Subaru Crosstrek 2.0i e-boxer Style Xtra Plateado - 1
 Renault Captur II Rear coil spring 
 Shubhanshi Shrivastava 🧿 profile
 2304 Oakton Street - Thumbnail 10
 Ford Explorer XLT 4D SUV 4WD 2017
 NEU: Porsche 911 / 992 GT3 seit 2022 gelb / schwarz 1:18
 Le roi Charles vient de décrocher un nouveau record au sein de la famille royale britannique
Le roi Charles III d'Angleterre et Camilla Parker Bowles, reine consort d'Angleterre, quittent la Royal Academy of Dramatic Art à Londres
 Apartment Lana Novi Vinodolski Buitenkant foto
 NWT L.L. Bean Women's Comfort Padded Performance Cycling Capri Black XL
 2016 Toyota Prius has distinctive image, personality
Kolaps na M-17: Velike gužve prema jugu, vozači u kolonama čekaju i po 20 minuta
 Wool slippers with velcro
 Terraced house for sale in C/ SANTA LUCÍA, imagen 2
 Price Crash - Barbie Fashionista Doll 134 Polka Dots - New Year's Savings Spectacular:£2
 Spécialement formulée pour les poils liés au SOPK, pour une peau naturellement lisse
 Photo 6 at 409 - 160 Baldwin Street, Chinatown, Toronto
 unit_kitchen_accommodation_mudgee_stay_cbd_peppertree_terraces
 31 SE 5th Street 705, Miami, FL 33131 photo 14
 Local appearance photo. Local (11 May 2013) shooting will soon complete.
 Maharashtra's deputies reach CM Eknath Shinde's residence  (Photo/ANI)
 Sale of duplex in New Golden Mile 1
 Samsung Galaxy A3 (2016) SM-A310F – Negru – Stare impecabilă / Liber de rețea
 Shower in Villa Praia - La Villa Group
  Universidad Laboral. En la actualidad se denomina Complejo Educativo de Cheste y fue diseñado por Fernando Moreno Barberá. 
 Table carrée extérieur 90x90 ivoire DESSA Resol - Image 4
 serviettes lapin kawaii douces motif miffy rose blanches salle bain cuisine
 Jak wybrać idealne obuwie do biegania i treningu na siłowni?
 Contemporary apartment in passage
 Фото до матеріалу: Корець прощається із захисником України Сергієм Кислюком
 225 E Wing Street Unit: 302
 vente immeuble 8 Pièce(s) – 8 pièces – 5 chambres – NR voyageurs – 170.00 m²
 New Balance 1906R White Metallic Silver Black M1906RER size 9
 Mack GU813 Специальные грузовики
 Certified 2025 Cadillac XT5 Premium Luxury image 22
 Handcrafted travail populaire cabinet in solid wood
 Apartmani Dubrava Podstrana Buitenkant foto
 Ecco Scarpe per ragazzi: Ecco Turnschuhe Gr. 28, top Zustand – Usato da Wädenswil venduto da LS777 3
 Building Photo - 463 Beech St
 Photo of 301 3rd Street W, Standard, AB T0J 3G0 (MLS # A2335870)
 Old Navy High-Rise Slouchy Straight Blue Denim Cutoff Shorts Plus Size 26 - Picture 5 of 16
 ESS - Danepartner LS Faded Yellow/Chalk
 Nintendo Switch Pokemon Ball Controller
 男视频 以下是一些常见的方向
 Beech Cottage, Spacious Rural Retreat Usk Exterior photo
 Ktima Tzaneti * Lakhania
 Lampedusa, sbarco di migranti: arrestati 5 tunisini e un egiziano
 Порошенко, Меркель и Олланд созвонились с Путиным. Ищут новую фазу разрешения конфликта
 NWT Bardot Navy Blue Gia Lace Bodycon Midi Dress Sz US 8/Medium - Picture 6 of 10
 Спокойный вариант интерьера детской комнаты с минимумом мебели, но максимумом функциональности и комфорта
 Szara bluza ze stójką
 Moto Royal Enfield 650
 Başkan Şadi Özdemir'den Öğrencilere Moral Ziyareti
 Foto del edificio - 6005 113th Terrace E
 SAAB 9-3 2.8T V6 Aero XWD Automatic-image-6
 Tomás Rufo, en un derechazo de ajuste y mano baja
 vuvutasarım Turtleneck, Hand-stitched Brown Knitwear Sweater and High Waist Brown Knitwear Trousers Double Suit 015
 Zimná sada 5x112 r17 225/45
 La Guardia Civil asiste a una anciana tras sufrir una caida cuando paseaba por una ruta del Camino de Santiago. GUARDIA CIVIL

● ● ● ● ● ● ●

AIM OF THE TASK
Restate, word for word, the listing above from its first line through the line that contains "Price Crash - Barbie", keeping both of those lines.

RESPONSE TO THIS TASK
Subaru Crosstrek 2.0i e-boxer Style Xtra Plateado - 1
 Renault Captur II Rear coil spring 
 Shubhanshi Shrivastava 🧿 profile
 2304 Oakton Street - Thumbnail 10
 Ford Explorer XLT 4D SUV 4WD 2017
 NEU: Porsche 911 / 992 GT3 seit 2022 gelb / schwarz 1:18
 Le roi Charles vient de décrocher un nouveau record au sein de la famille royale britannique
Le roi Charles III d'Angleterre et Camilla Parker Bowles, reine consort d'Angleterre, quittent la Royal Academy of Dramatic Art à Londres
 Apartment Lana Novi Vinodolski Buitenkant foto
 NWT L.L. Bean Women's Comfort Padded Performance Cycling Capri Black XL
 2016 Toyota Prius has distinctive image, personality
Kolaps na M-17: Velike gužve prema jugu, vozači u kolonama čekaju i po 20 minuta
 Wool slippers with velcro
 Terraced house for sale in C/ SANTA LUCÍA, imagen 2
 Price Crash - Barbie Fashionista Doll 134 Polka Dots - New Year's Savings Spectacular:£2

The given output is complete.